Sparse Crosscoders enable us to understand how language models process information internally by:

Identifying interpretable features across different layers of the model
Tracking how these features interact to form computational circuits
Visualizing attribution graphs showing information flow within the model

Unlike traditional approaches that analyze each layer independently, Crosscoders can discover features that span multiple layers, revealing how complex computations are distributed throughout the model.

Core Concepts

1. Cross-Layer Transcoder (CLT)

The Cross-Layer Transcoder is a sparse autoencoder that reads from one layer and writes to subsequent layers.
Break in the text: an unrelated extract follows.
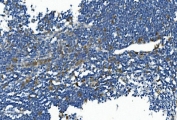 IHC staining of FFPE human appendicitis tissue with IL2RB antibody. HIER: boil tissue sections in pH8 EDTA for 20 min and allow to cool before testing.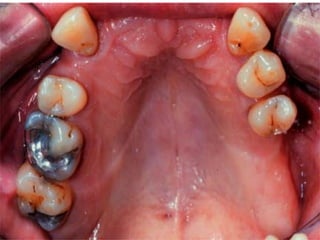 1 introduction-and-classification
It learns interpretable features that can track how information flows through the model.

Key equations:

Feature Activation: aₗ = JumpReLU(W_enc_l * xₗ)
Layer Reconstruction: ŷₗ = ∑_{l'=1}^l W_dec_l'→l * aₗ'

2. Attribution Graphs

Attribution graphs reveal how features influence each other and ultimately contribute to the model's output:

Nodes: Individual features
Edges: Attributions (strength of influence) between features
Attribution calculation: A_s→t := a_s * w_s→t

Installation

# Clone the repository
git clone https://github.com/username/circuit-tracing.git
cd circuit-tracing

# Install dependencies
pip install torch transformers matplotlib networkx numpy tqdm

Usage

Training a Cross-Layer Transcoder

python example_usage.py --mode train \
    --model_name Qwen/Qwen2.5-3B \
    --clt_path ./models/clt_qwen25_3b \
    --train_samples 1000 \
    --data_path ./data/training_text.txt

python circuit_tracing_example.py --mode train --model_name Qwen/Qwen2.5-3B --clt_path models/clt_qwen25_3b --train_samples 25 --data_path training/demo/demo_training_data_25.txt

Analyzing Prompts

python example_usage.py --mode analyze \
    --model_name Qwen/Qwen2.5-3B \
    --clt_path ./models/clt_qwen25_3b \
    --prompt "The capital of France is"

python circuit_tracing_example.py --mode analyze --model_name Qwen/Qwen2.5-3B --clt_path models/clt_qwen25_3b --prompt "The capital of France is"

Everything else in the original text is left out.